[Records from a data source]
[Start of Attachment]

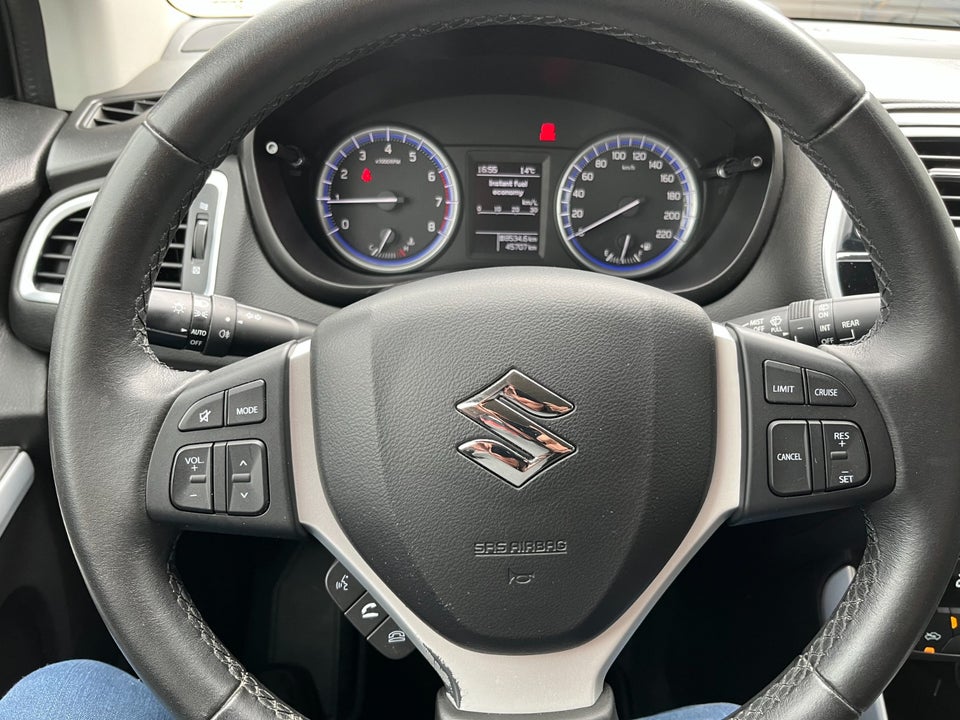 Suzuki S-Cross 1,0 Boosterjet Active 5d
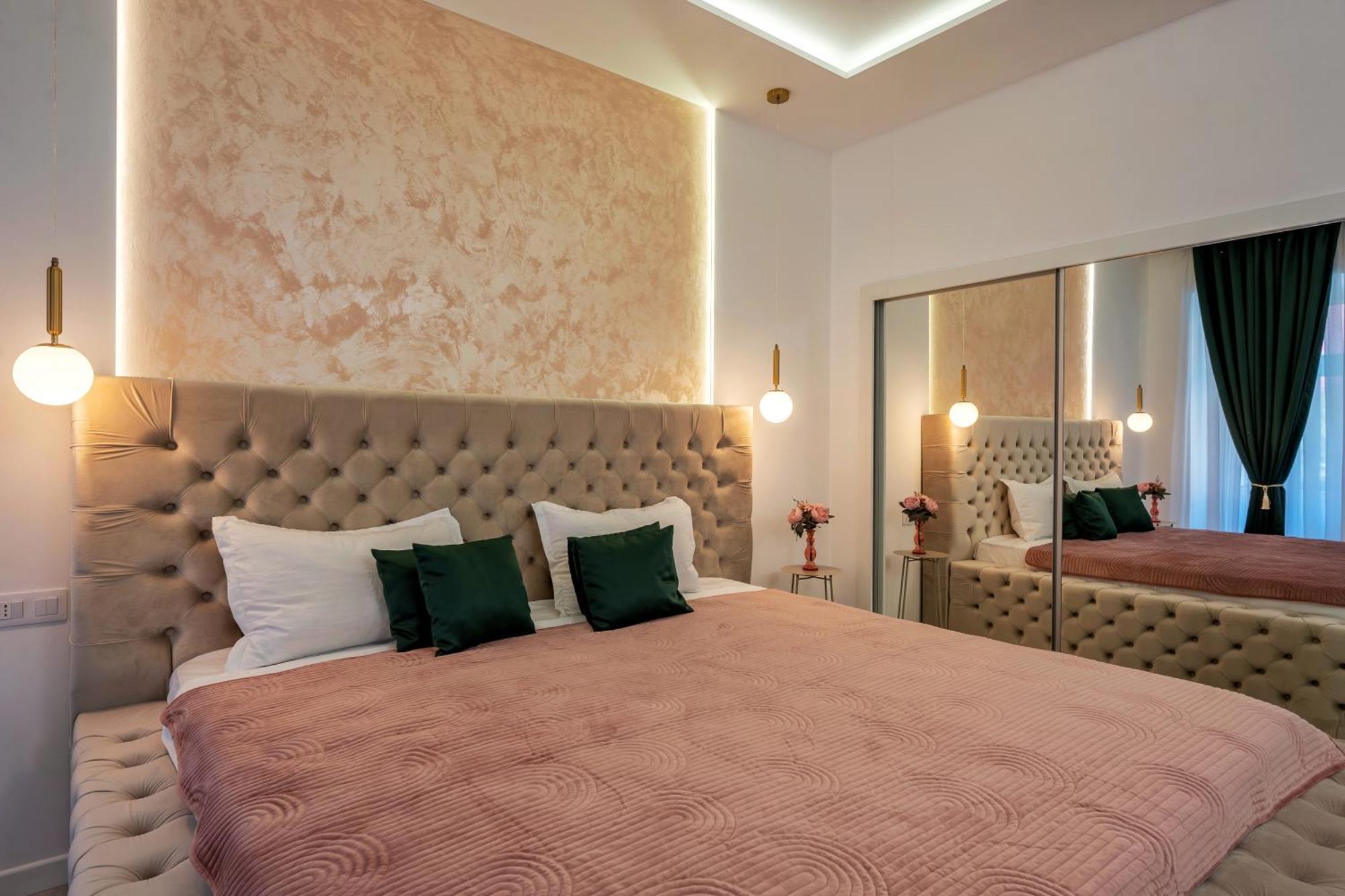 Dream Loft Sighisoara Lejlighed Eksteriør billede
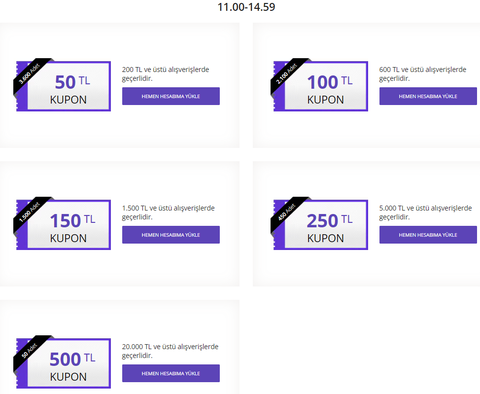 n11 İndirimleri, Fırsatları ve Kampanyaları [ANA KONU]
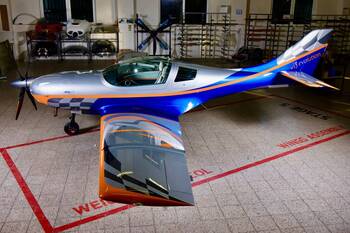 Thumbnail of aircraft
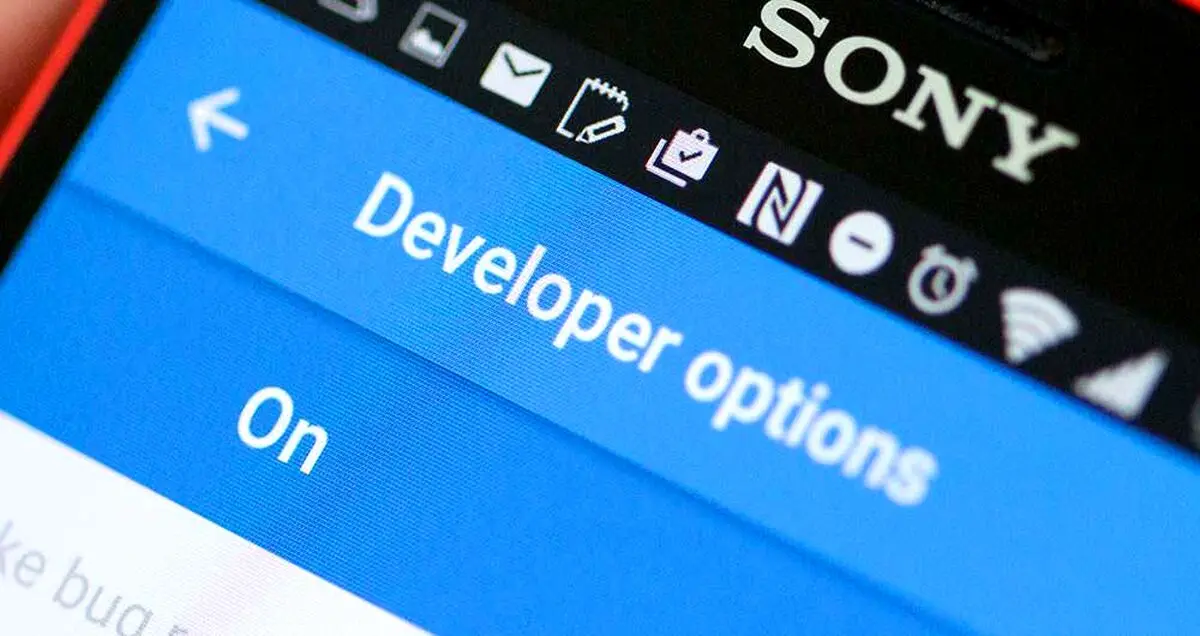 با کاربردهای گزینه Developer Options بیشتر آشنا شوید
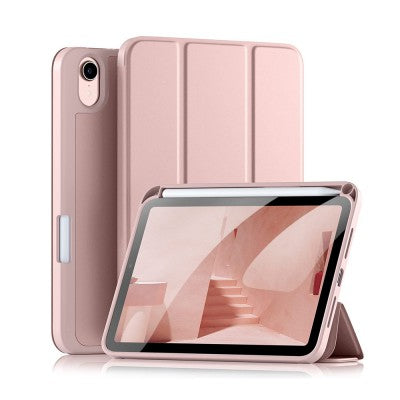 REDEFINE Soft TPU Back Shell Slim Cover Case with Auto Sleep / Wake for iPad 9.7-Inch (2017 & 2018)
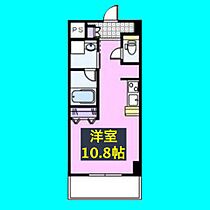 セントフィオーレ神宮  ｜ 愛知県名古屋市熱田区花表町12-23（賃貸マンション1R・4階・27.30㎡） その2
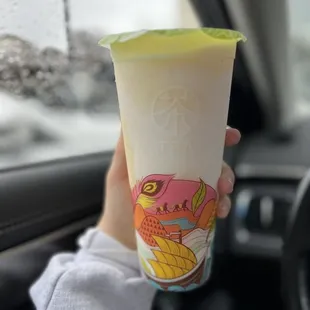 Cold Mango Stormy ($6.00)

[End of Attachment]

**TASK TO COMPLETE:**
Write out the entries again, word for word. No images.

**EXERCISE RESULT:**
 Suzuki S-Cross 1,0 Boosterjet Active 5d
 Dream Loft Sighisoara Lejlighed Eksteriør billede
 n11 İndirimleri, Fırsatları ve Kampanyaları [ANA KONU]
 Thumbnail of aircraft
 با کاربردهای گزینه Developer Options بیشتر آشنا شوید
 REDEFINE Soft TPU Back Shell Slim Cover Case with Auto Sleep / Wake for iPad 9.7-Inch (2017 & 2018)
 セントフィオーレ神宮  ｜ 愛知県名古屋市熱田区花表町12-23（賃貸マンション1R・4階・27.30㎡） その2
 Cold Mango Stormy ($6.00)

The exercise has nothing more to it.